### WHAT TO DO
Transcribe each of the records below exactly, excluding all pictures.

### MATERIAL PROVIDED
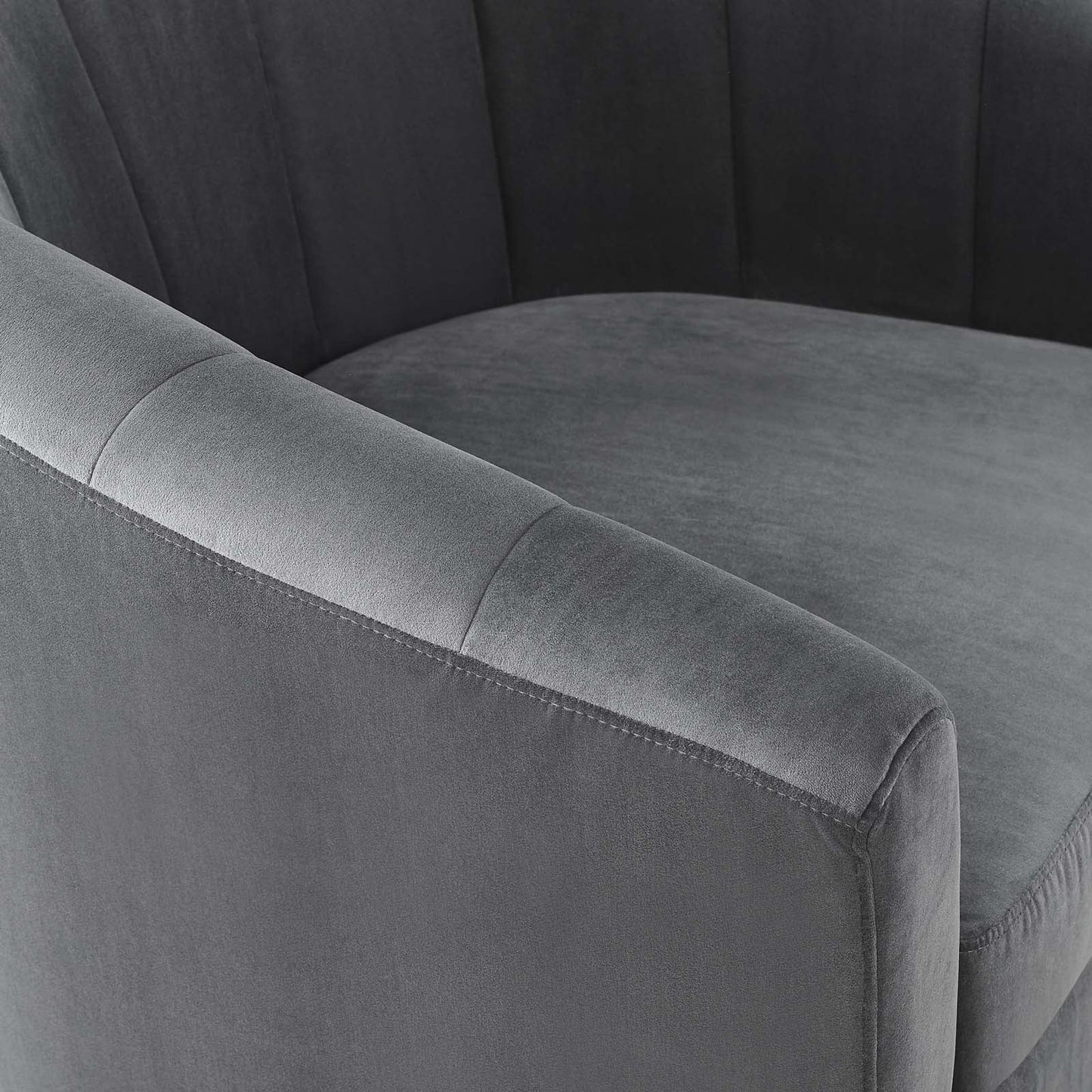 Prospect Performance Velvet Swivel Armchair Charcoal EEI-4139-CHA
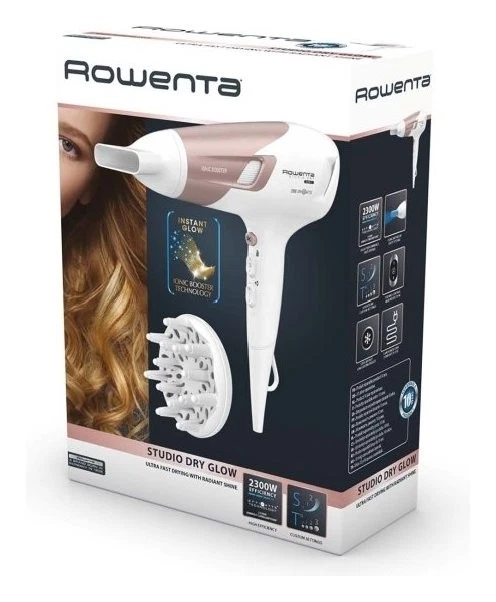 Rowenta Phon STUDIO DRY GLOW Bianco e Bronzo CV5830 2100W - Immagine 2 di 4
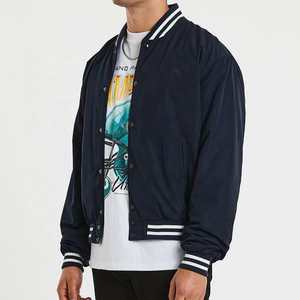 แจ็กเก็ตเบสบอลทีมตัวแทนออกแบบเองขนแกะสีดำพร้อมแขนเสื้อหนังแกะสีขาวสำหรับฤดูหนาว - Product Image 4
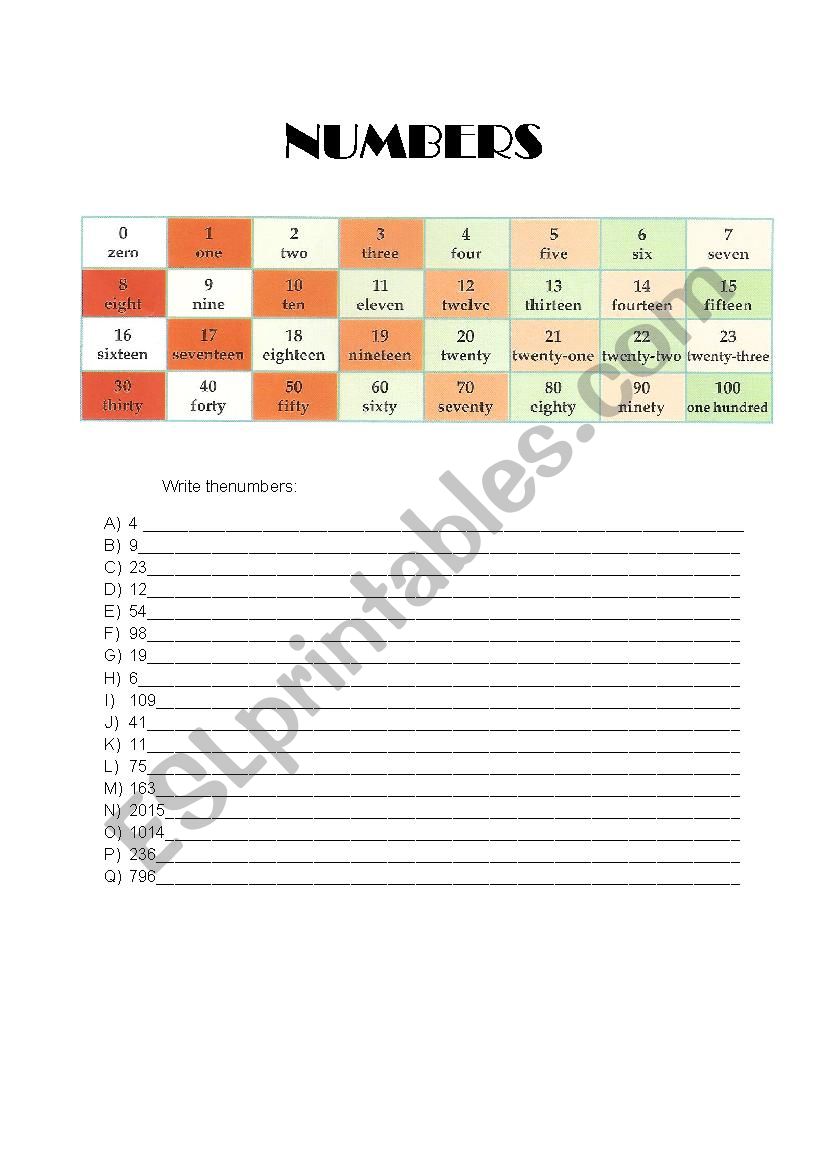 Numbers worksheet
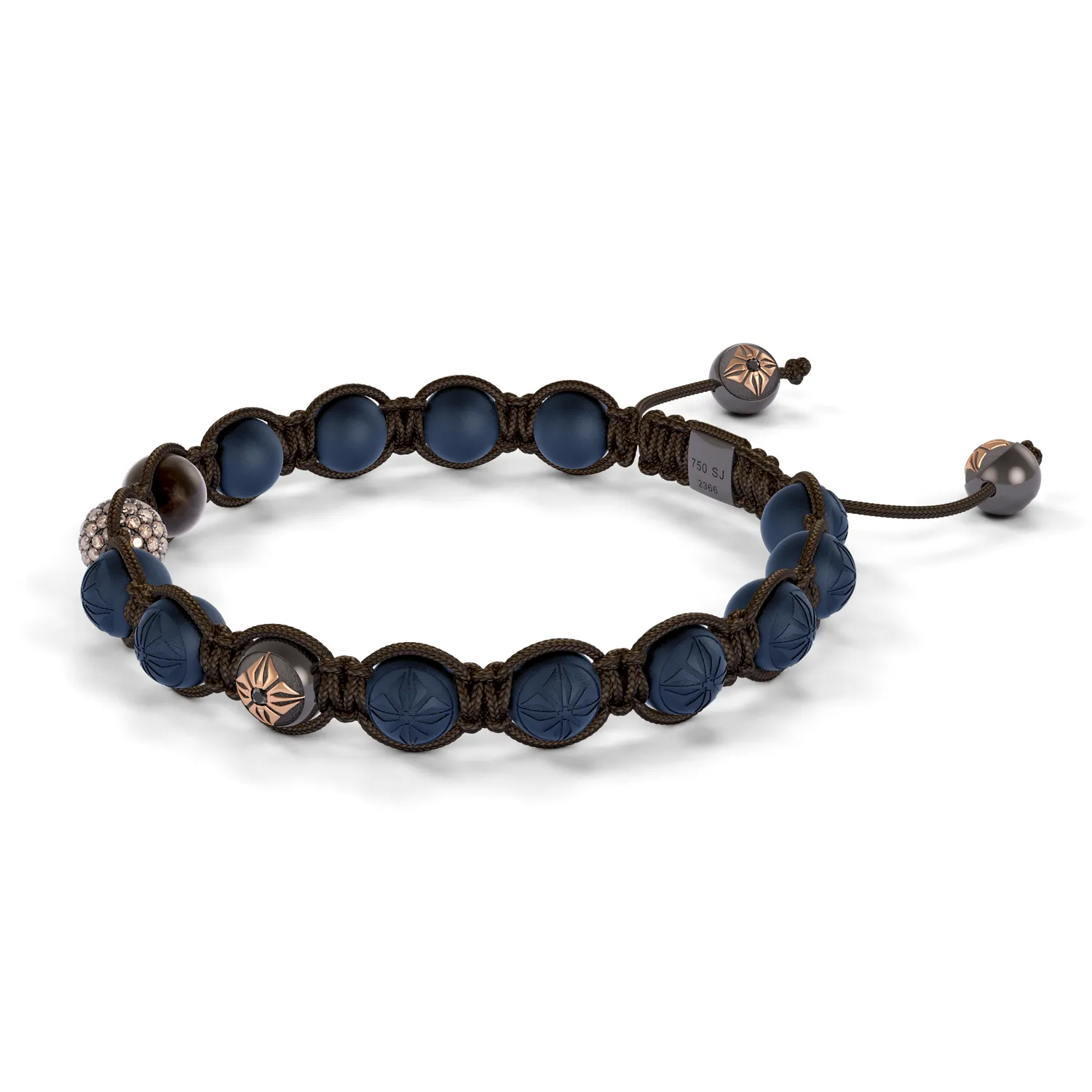 Bracelet BEADED BRAIDED 8mm cordon marron XL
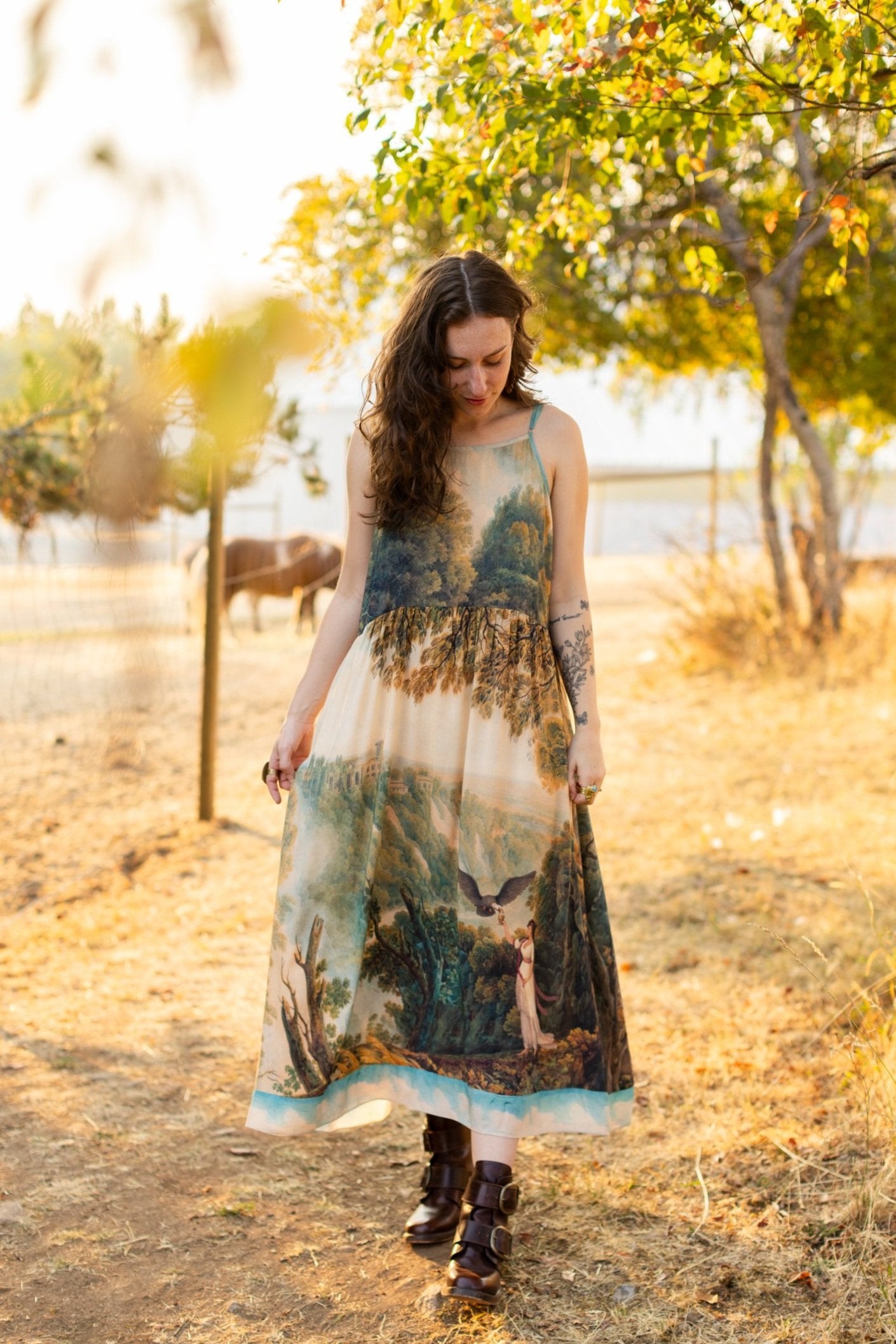 Soft bamboo viscose Bohéme slip dress featuring 18th-century Tivoli waterfalls and Lady Liberty artwork, designed to celebrate self-love and personal power – Market of Stars.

### EXERCISE SOLUTION
 Prospect Performance Velvet Swivel Armchair Charcoal EEI-4139-CHA
 Rowenta Phon STUDIO DRY GLOW Bianco e Bronzo CV5830 2100W - Immagine 2 di 4
 แจ็กเก็ตเบสบอลทีมตัวแทนออกแบบเองขนแกะสีดำพร้อมแขนเสื้อหนังแกะสีขาวสำหรับฤดูหนาว - Product Image 4
 Numbers worksheet
 Bracelet BEADED BRAIDED 8mm cordon marron XL
 Soft bamboo viscose Bohéme slip dress featuring 18th-century Tivoli waterfalls and Lady Liberty artwork, designed to celebrate self-love and personal power – Market of Stars.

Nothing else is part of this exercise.